*** Block opens ***
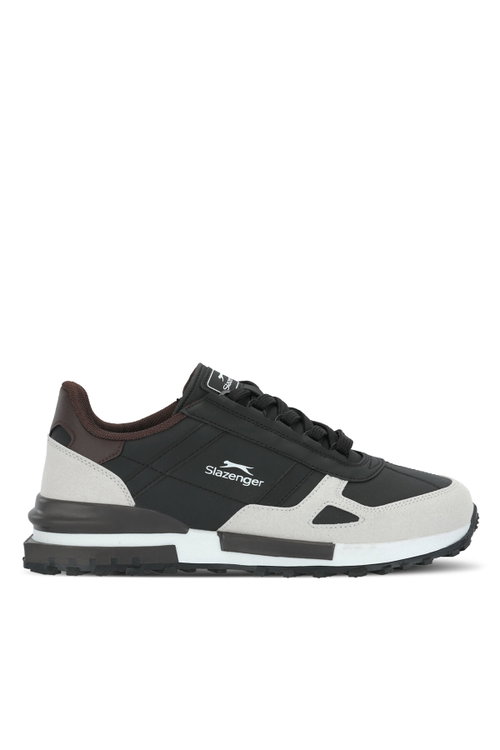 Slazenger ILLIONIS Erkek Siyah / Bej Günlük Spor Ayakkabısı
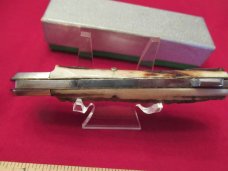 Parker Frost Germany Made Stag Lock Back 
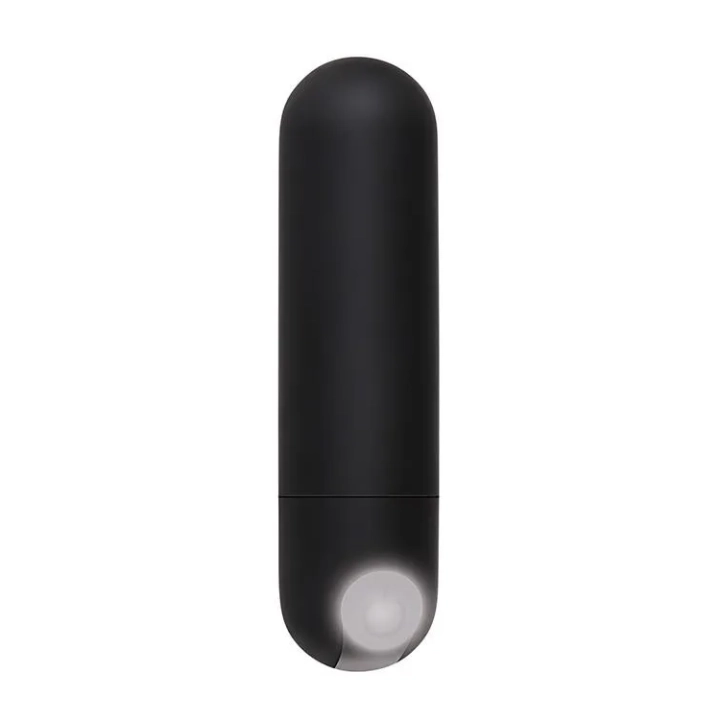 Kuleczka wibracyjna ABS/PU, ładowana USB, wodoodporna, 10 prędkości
*** Block closes ***
*** Block opens ***
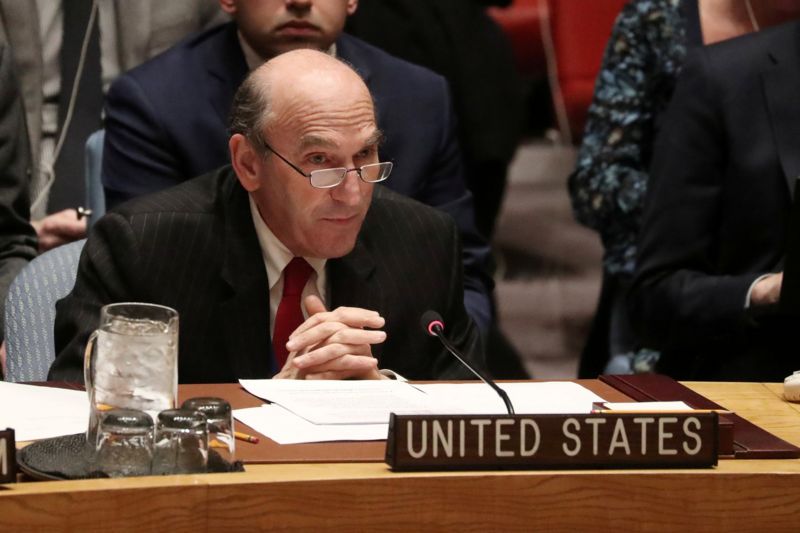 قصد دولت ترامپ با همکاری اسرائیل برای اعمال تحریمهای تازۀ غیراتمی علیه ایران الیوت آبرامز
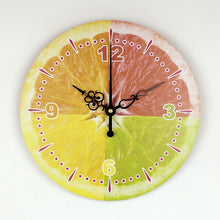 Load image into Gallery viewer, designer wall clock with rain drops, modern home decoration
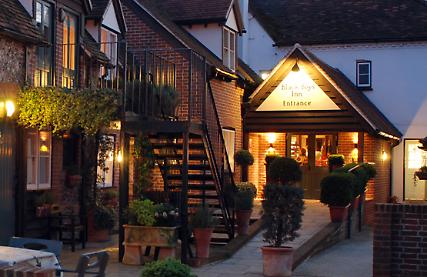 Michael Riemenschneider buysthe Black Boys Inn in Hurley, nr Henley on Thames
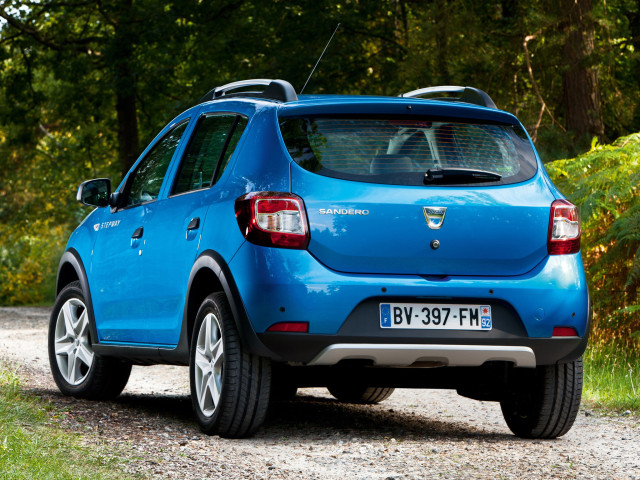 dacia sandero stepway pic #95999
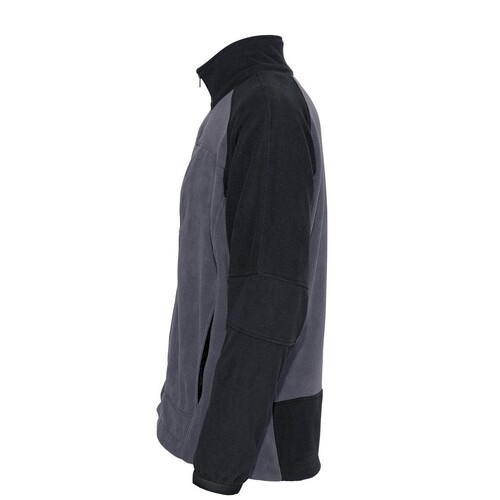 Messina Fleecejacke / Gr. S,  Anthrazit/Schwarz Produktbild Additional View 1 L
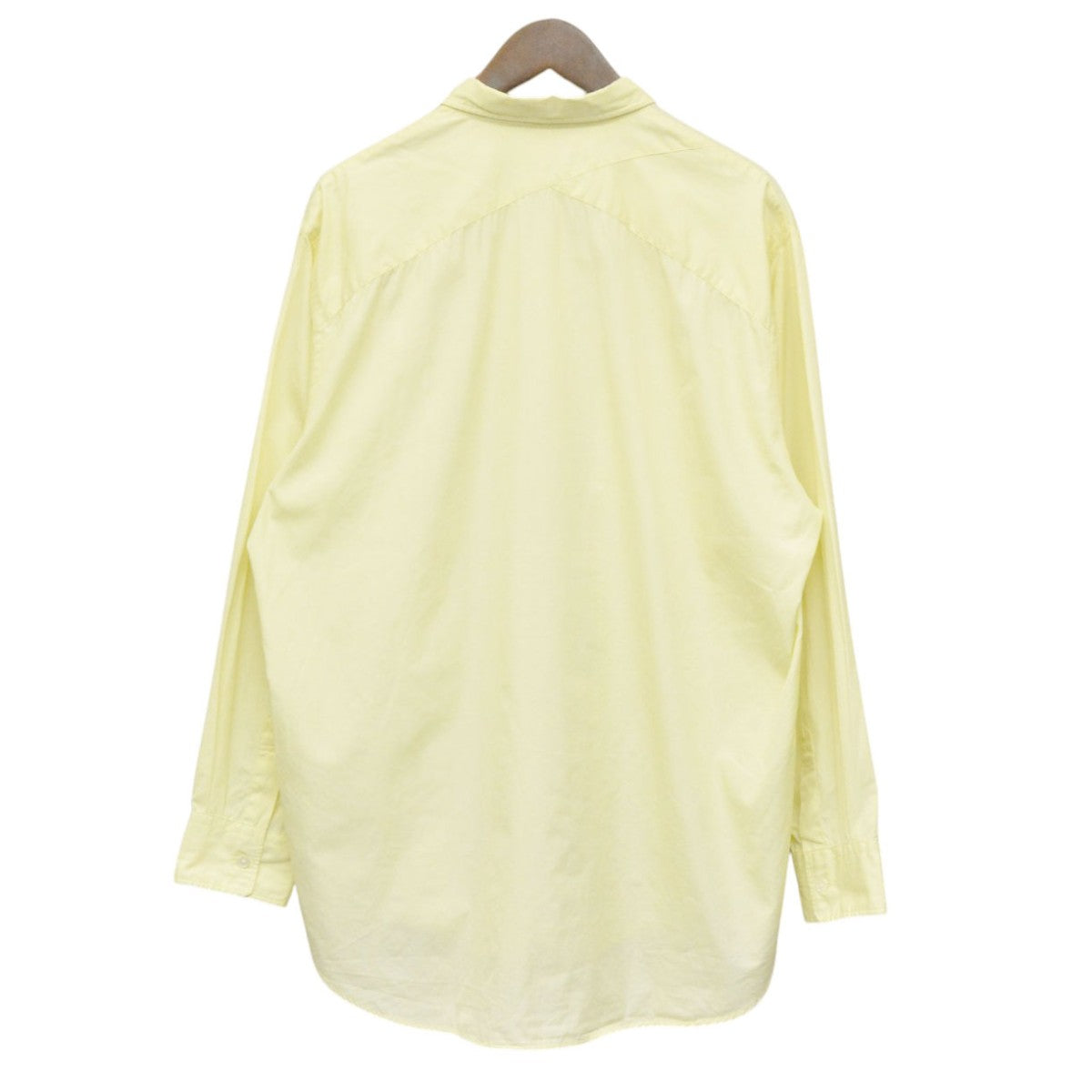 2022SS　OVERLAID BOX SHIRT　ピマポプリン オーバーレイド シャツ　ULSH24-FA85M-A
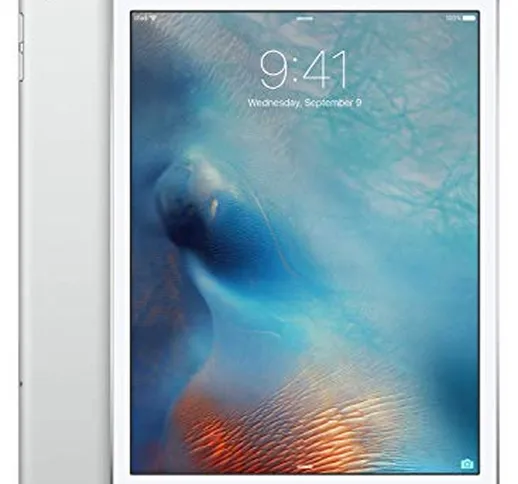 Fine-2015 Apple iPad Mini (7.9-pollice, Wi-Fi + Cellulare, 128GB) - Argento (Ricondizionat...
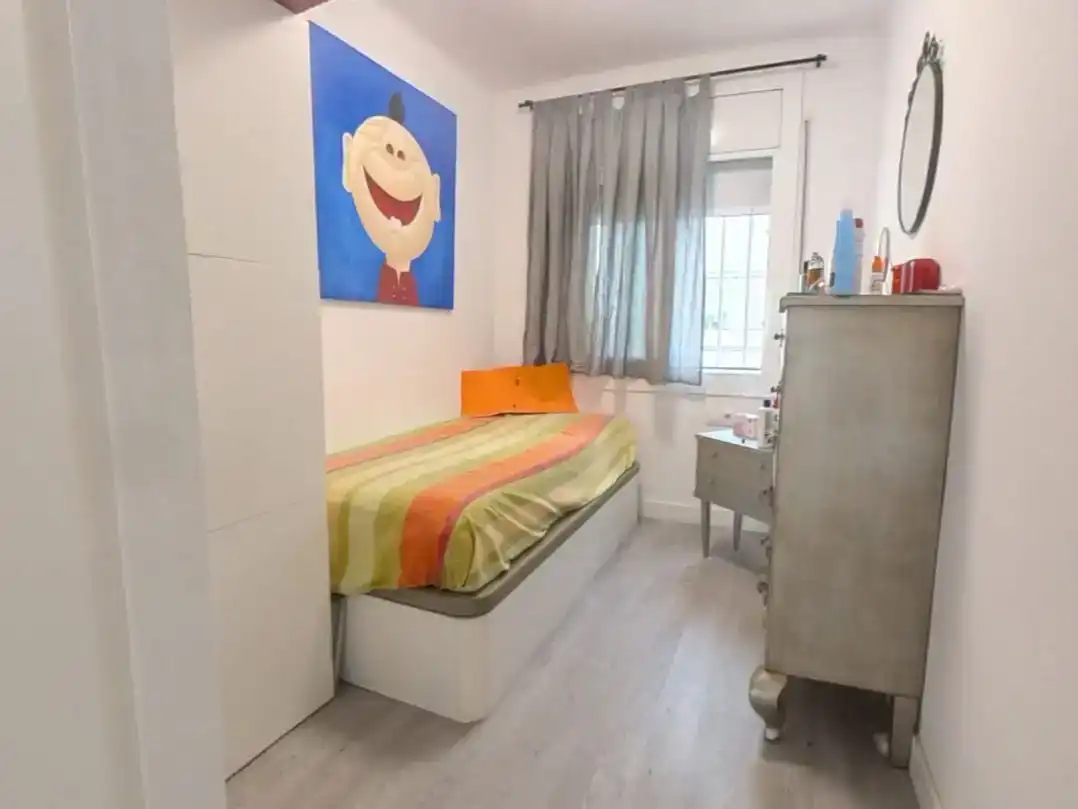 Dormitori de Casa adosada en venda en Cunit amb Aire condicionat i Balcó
*** Block closes ***
* _Task_
Given the listing above, repeat exactly the lines starting at the one with "Slazenger ILLIONIS Erkek" and ending at the one with "Kuleczka wibracyjna ABS/PU, ładowana", inclusive, excluding pictures.

* _Result of the exercise_
 Slazenger ILLIONIS Erkek Siyah / Bej Günlük Spor Ayakkabısı
 Parker Frost Germany Made Stag Lock Back 
 Kuleczka wibracyjna ABS/PU, ładowana USB, wodoodporna, 10 prędkości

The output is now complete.